Der Jahreszeitenlauf mit seinen christlichen Festen bestimmt viele Inhalte. Es geht lustig bewegt - auch mal laut - zu, stets geführt durch die „geliebte Autorität". Die Kinder dürfen wach werden, „auf die Erde kommen" - sich inkarnieren. Der Bewegungsdrang und das vorherrschende sanguinische Temperament der Kinder wird berücksichtigt. Der rhythmische Teil ist so lang, wie er sein muss, d.h. wie die Situation es fordert, ein guter Hauptunterricht - auch in den höheren Klassen - ist künstlerisch zu beginnen.
Ab der 2. Klasse sprechen die Kinder an dem Wochentag ihrer Geburt (wenn möglich), den von ihrem Klassenlehrer zu jedem Jahr gegebenen Zeugnisspruch. Sie sprechen einzeln vor der Klasse und erarbeiten Inhalt, Sprache, Betonung und Rhythmus mit dem Lehrer. Die kleinen Gedichte und Verse haben unmittelbar etwas mit dem Kind zu tun und sind als Lebens- bzw. Entwicklungshilfe gedacht. Es ist wieder eine intensive Begegnung zwischen Lehrer und Schüler möglich, in welcher sich die Kinder unbewusst offenbaren.

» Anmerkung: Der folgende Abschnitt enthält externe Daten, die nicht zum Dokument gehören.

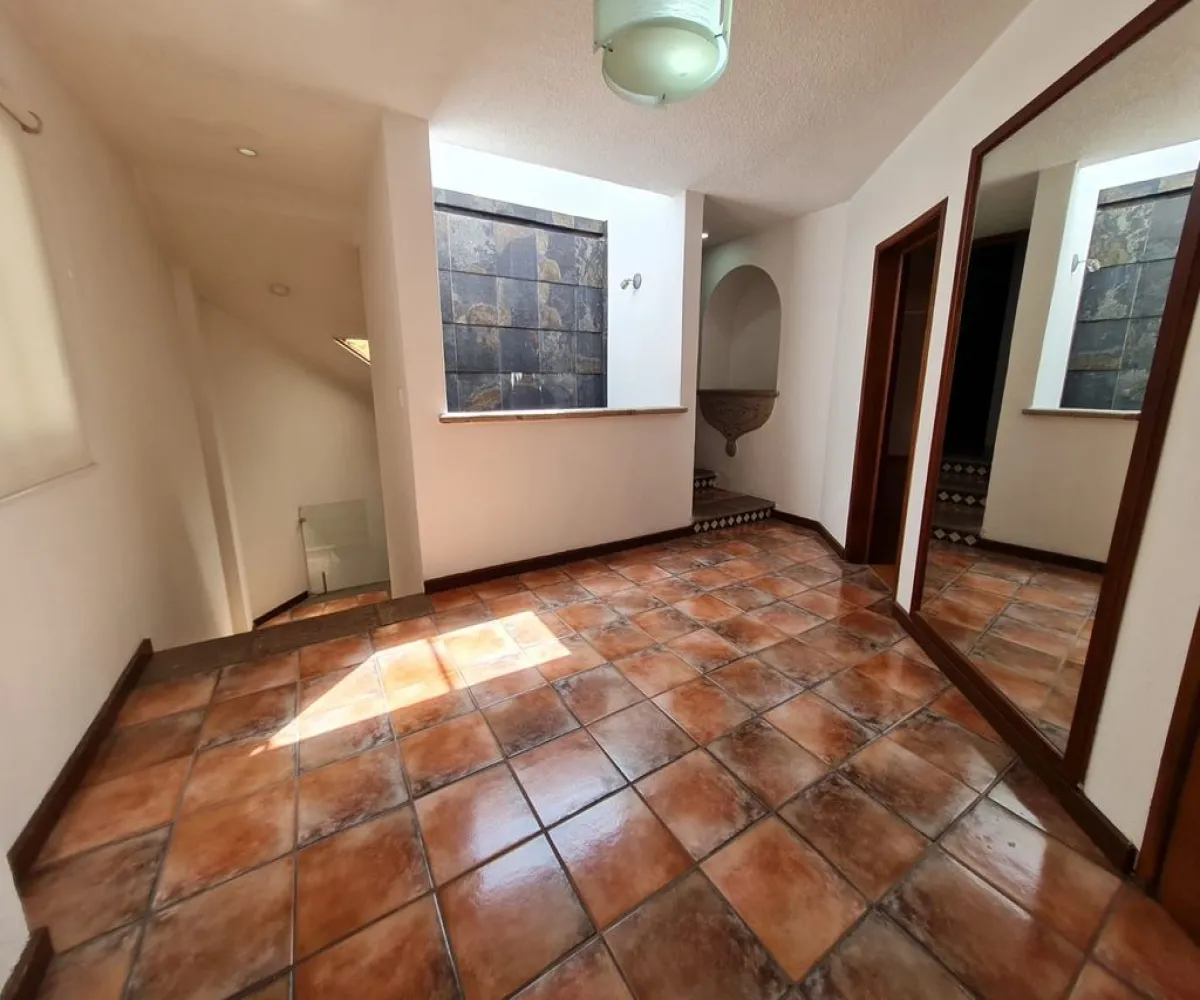 Casa En Venta,Bugambilias,Segunda Seccion |, Zapopan, Jalisco 45237, 4 Habitaciones,6 Baños,Segunda Seccion,1,ppGmxyf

Alle Kinder sitzen nun und sind auf den Lehrer konzentriert. Nun wird das am Vortag Besprochene und Erarbeitete wiederholt. Die Inhalte sind „durch die Nacht gegangen" und können bereichert weitergeführt und vertieft bzw. abgeschlossen werden. Die Hausaufgaben werden kontrolliert oder vorgelesen. Bestenfalls führen sie direkt in die Weiterarbeit am Epochenthema. Die inhaltlichen Schwerpunkte einer Epoche bestimmen für drei bis vier Wochen den Arbeitsteil. Die Abfolgen dieser Epochen sind vor jedem Schuljahr vom Lehrer vorgeplant und gestalten sinnvoll rhythmisch das Jahr. Jedes Jahr wird dieser Kanon reicher - immer altersgemäß abgestimmt. In der Gestaltung des Hauptteils gibt es unendlich viele methodische Möglichkeiten, die Schüler fertigen ihr „Schulbuch", das Epochenheft, selbst und lernen aus diesem für die Lernkontrolle. Die Klasse hat in der Regel die Möglichkeit zur Stillarbeit, in welcher die höchste Konzentration herrscht.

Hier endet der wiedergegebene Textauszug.